Allá en el barrio comenzó a nacer el amor por el beisbol.
No había guantes ni uniformes, pero sí campos polvorientos, sol y un montón de imaginación.
Así lo recuerdan, con esa mezcla de risa y nostalgia, algunos beisbolistas nayaritas, quienes aprendieron a forjar el juego con lo que encontraban.
Alejandro El Corita Ortiz lo decía con orgullo: “tratábamos de hacer beisbol… no sólo jugarlo; lo hacíamos.”
Y lo hacían: con un palo de escoba, con un palo de mangle, con una pelota de calcetín. Si el palo se rompía, iban al cerro a cortar otro. Aquí no se esperaba el equipo: aquí se inventaba.

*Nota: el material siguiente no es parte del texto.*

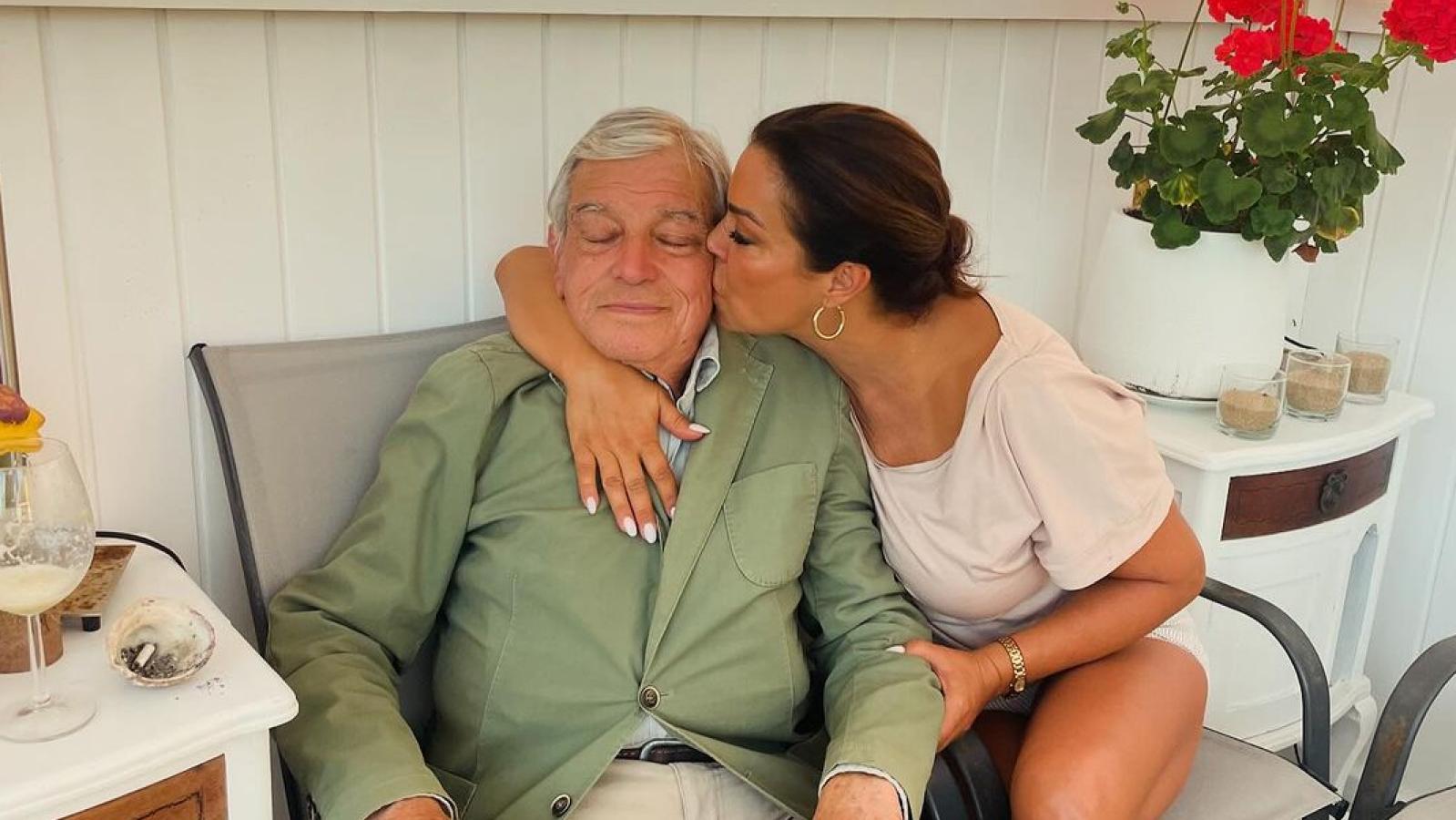 Marlén Olivarí - Instagram @oficialmarlenolivari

La cronista Conchita Bravo recuerda entre risas que se quitaban las calcetas y con eso hacían las pelotas.
Después llegó la versión mejorada: la pelota de hule. Severo Aranda cuenta que la ponían a hervir sí, hervir… para que se hiciera más pequeña y rebotara mejor.
De ese vapor salían pelotas nuevas… y sueños grandes.

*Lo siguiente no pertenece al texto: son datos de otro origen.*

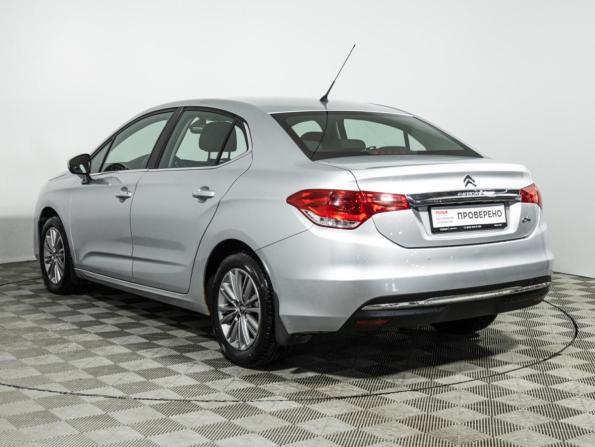 Citroen C4 II с пробегом 2015 года, цена 890 000 рублей, 82919 км, седан, Автокод Объявления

No había dinero, pero sobraban ganas. La pelota “Rabit” de hilos azules (la pelota buena) costaba cinco pesos con cincuenta centavos; quien la tenía la cuidaba como si fuera oro.

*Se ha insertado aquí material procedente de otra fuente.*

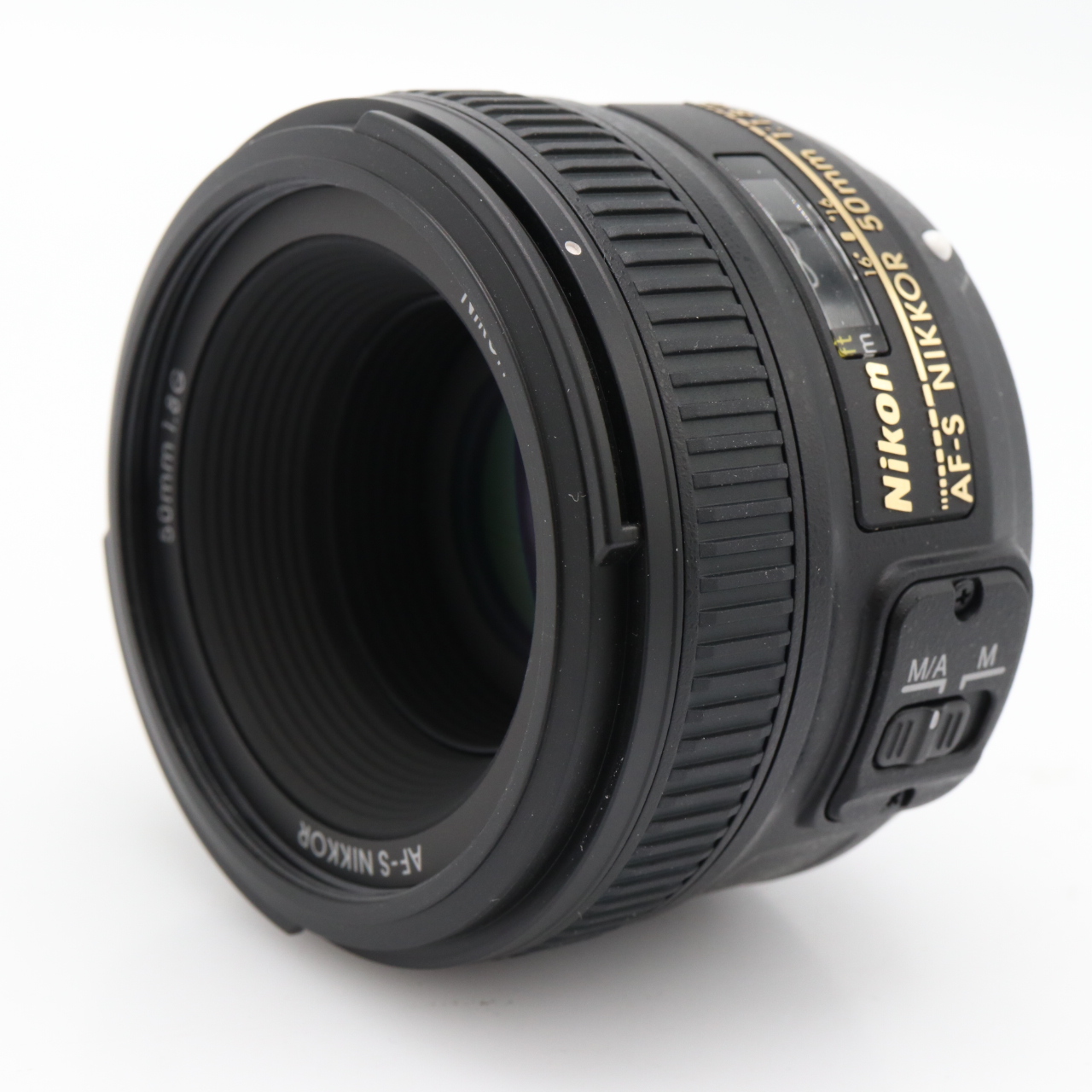 Nikon AF-S 50mm f/1.8G occasion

Germán Jiménez Camarena, el primer nayarita en jugar en las Grandes Ligas, vivía en la calle Amado Nervo, en Santiago Ixcuintla. Junto con sus hermanos Leopoldo, Isaac y Saúl Jiménez Camarena, limpiaban un terreno frente a su casa; ahí practicaban los hermanos que más tarde llegarían muy lejos.
Desde temprano jugaban por unas monedas, por orgullo o simplemente por sentir el golpe seco del bate hecho con un palo de mangle.
“Temprano estábamos en el campo… pues queriendo crecer”, dijo Hugo Monrroy, pelotero ex profesional.
Muchos de los peloteros nayaritas que conocimos empezaron así: con pelotas de calcetín, con ingenio, y con el barrio dándoles su primera lección.

Cerca del estadio Revolución había unos árboles, unos árboles de amapas, las cuales eran las gradas de los niños. Polo Jiménez se subía para mirar a los grandes: Manuel Parra, José Luis Naranjo, El Pillo Mendoza… Y aunque no los dejaban entrar, siempre había un huequito por donde mirar y soñar.
Ahí, entre el polvo, la risa y las manos raspadas, nació algo más que un juego. Nació una pasión que formó carácter.
“Porque en estos pueblos nayaritas uno se hace con lo que tiene”. Como dice Abraham El Pollo Ramos: “Eso nos fortalece y nos da un estilo de vida aguerrido.”
Y con cada pelota de trapo, con cada bate improvisado, aprendieron que el beisbol, más que un deporte, era una forma de vivir.
El campo era el corazón del barrio, y el sonido del batazo, ese golpe seco que se queda en la memoria, fue el latido, el eco de generaciones que nunca se rindieron.